The campaign that would not die

By: 
Brad Molnar
An opinion
Courtesy photo.  U.S. Congressman-elect Greg Gianforte with the author, Brad Molnar, on St. Patrick’s Day in a Billings pub.

It is impossible for my fellow political junkies to not be aware the winner of Montana’s not so special election, Greg Gianforte, put the hurt on a reporter on election eve. This after he asked for Gianforte’s take on budget numbers for the recently passed U.S. House’s “Repeal and Replace.” Even the “Voice of America” broadcast the news of the alleged assault, the apology for the alleged assault, and House Speaker Paul Ryan’s views on allegedly thumping those possessing alleged press credentials, deep into China. No word yet on if this cost Gianforte support amongst wannabe undocumented Chinese immigrants. 

 

The law

The Montana Code Annotated has this to say on assault: MCA 45-5-201. 

(1) A person commits the offense of assault if the person: 

(a) purposely or knowingly causes bodily injury to another; 

(b) negligently causes bodily injury to another with a weapon; 

(c) purposely or knowingly makes physical contact of an insulting or provoking nature with any individual; or 

(d) purposely or knowingly causes reasonable apprehension of bodily injury in another. 

(2) A person convicted of assault shall be fined not to exceed $500 or be imprisoned in the county jail for any term not to exceed 6 months, or both.  

Add the word “serious” before bodily injury and you have MCA 45-5-202; Aggravated Assault. The penalty escalates to “state prison for a term not to exceed 20 years and may be fined not more than $50,000.” But you can also commit aggravated assault by “knowingly, with the use of physical force or contact, cause reasonable apprehension of serious bodily injury …” According to witnesses Gianforte grabbed the head of the reporter, threw him to the ground, climbed on him, pummeled his head, and kicked his arm. Though not a pansy I’d be apprehensive.

“Serious” bodily injury, and apprehension, like beauty, is in the eye of the beholder.

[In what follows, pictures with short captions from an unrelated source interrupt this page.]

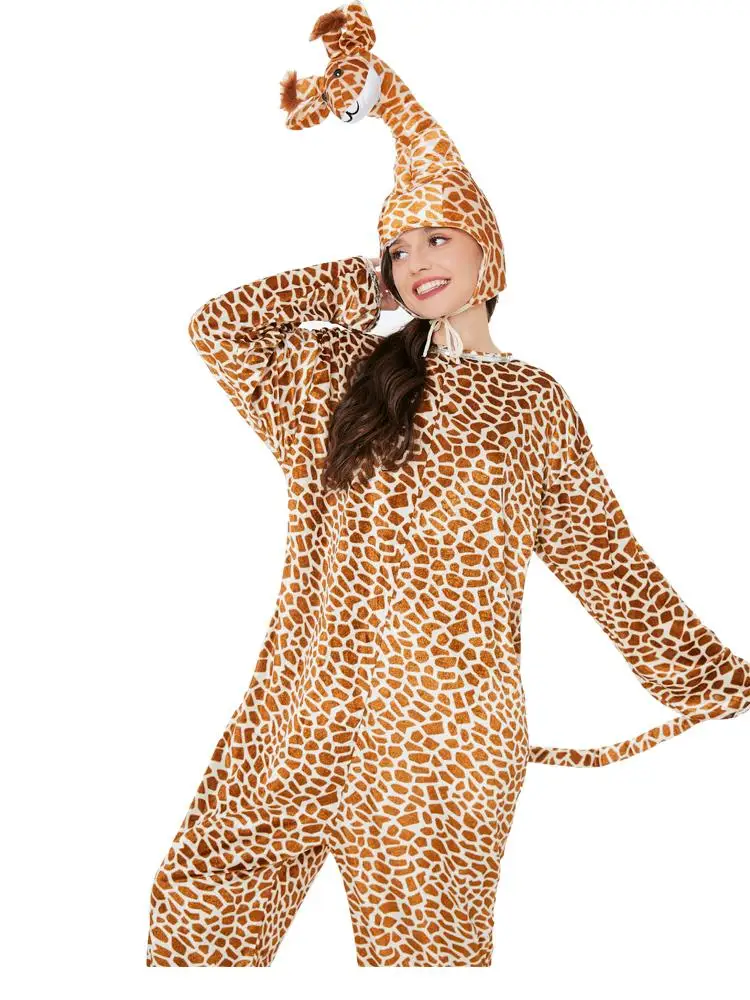 زي Girfe بروفة أداء الهالوين على شكل حيوان من جلد البوليستر طويل يحتاج إلى زي لعب الأدوار على شكل حيوان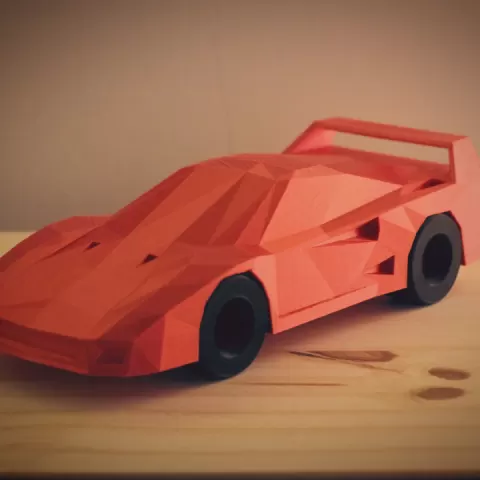Low Poly Ferrari F40 by Turtleman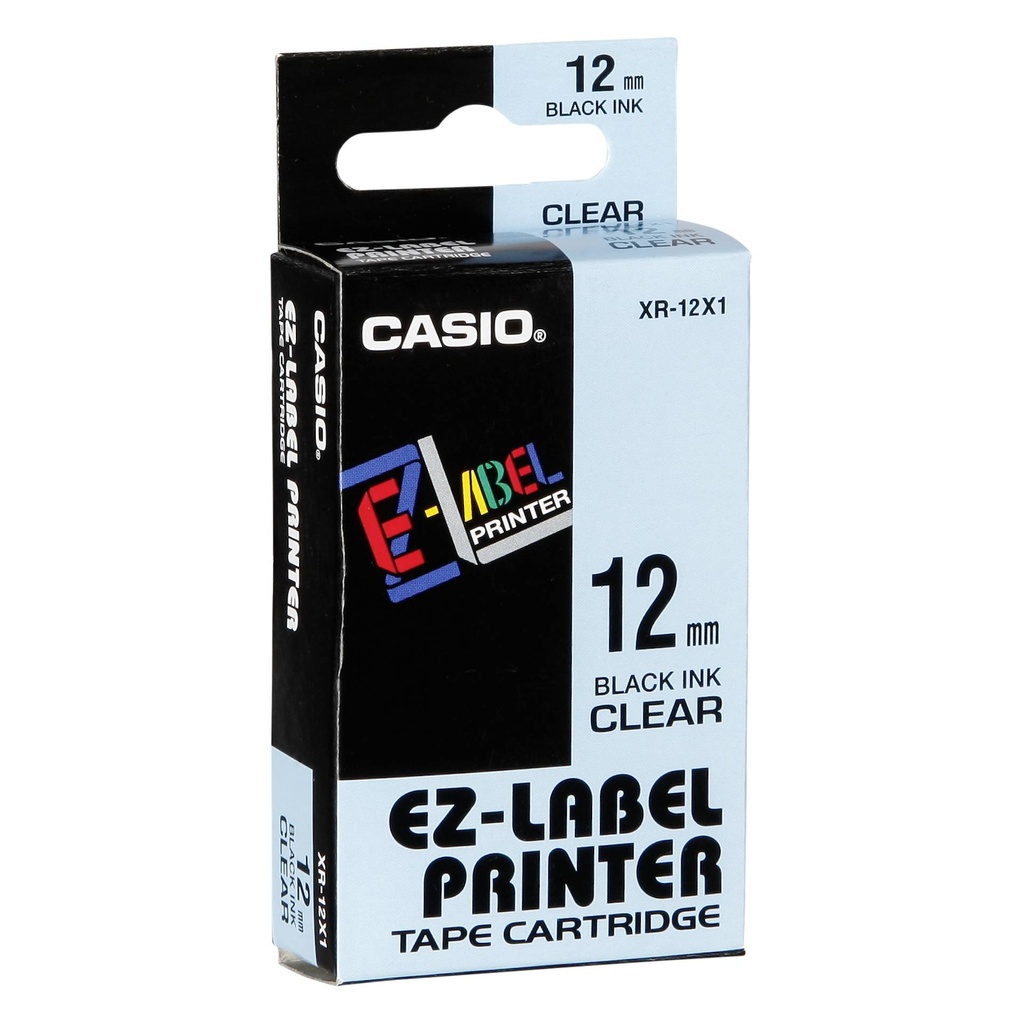 Casio XR-12 X 12 mm black on clear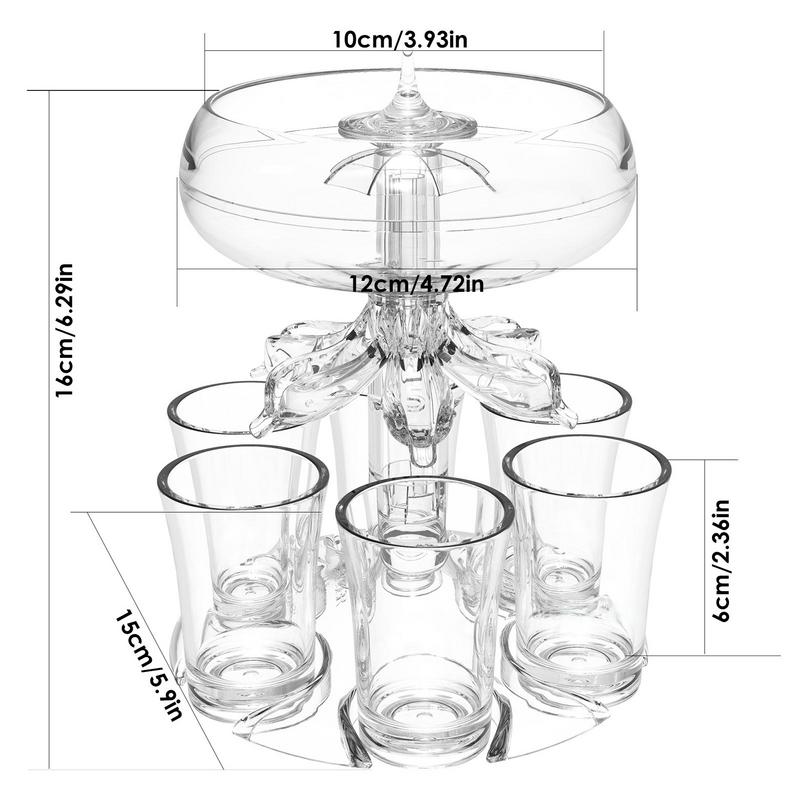 Party Drink Shot Dispenser with 6 Shot Glasses Set Acrylic Holder Drinking Game Tool Family Gathering Bar Wine Glass Set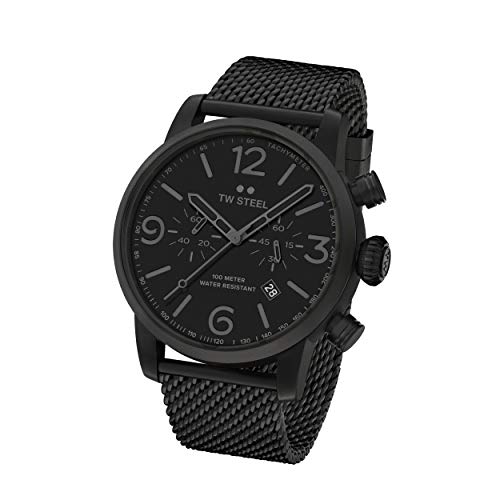 TW Steel Unisex Erwachsene Chronograph Quarz Uhr mit Edelstahl Armband MB33 Cover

In this case Gallatin County Attorney Marty Lambert said he will use his prosecutorial discretion to determine if the sore elbow suffered by the reporter was a “serious injury.” (Review is important because the sheriff that issued the citation is a Gianforte donor). With Gianforte’s apology (aka confession) and audio recordings, Lambert’s decision is critical. Even with a plea agreement to only pay a fine a conviction under MCA 45-5-202 carries registry on the violent offender’s list which is a real life changer, as is the term “felon,” as we would be punished with another $17 million special election.

 

Silence is golden

Refusal to answer questions was a problem throughout this and many previous campaigns. Trying to brush off the reporter’s question Gianforte told the reporter to see communications guy Shawn Scanlon. The reporter insisted on an answer from the candidate himself. The daily press has been more than willing to quote surrogates rather than insisting on speaking to the candidates to find out how they feel, or what they really know, about a subject. The surrogates consistently spun answers to match meaningless campaign ad slogans. A candidate that can’t or won’t openly discuss the issues of the day should be exposed as such. A lazy publication’s willingness to quote a surrogate may explain a drop in readership.

The press release on the incident blamed the reporter. Scanlon was not a witness. All witnesses refuted this account. Had he given this account to the police he may have been charged with obstruction of justice. But his willingness to feed this to the public is now considered professionalism.

 

Cause and effect

Even when a candidate directly replies to a question the response is often more embarrassing than viable. After the St. Patrick’s Day parade in Billings, Gianforte’s loyalists gathered at a restaurant. It was a month into the campaign and neither the Republican nor Democratic parties had yet supported their candidates. On the record I asked Greg Gianforte if he thought the national Republican Party would jump in with support for his campaign. His response, “I am too busy trying to figure out how to bring quality leadership to Washington to think about that. I have to go and mingle now.” For his part Quist canceled a PBS debate at the last minute. “Why” was never asked. As campaigns increasingly rely on unbridled character assassination, right or wrong, expect more outbursts from more candidates. 

 

The numbers

Compared to the same race for Congress, just seven months ago, Gianforte received 96,000 fewer votes than Ryan Zinke and Quist received 39,000 less than Denise Juneau. It has been surmised this is due to the fact the election was held before Memorial Day weekend and was, after all, a special election. But Wicks received 5,000 more votes than the Libertarian running for congress last fall.  Perhaps 5,000 more people voted in protest rather than did not vote in protest to modern campaign tactics.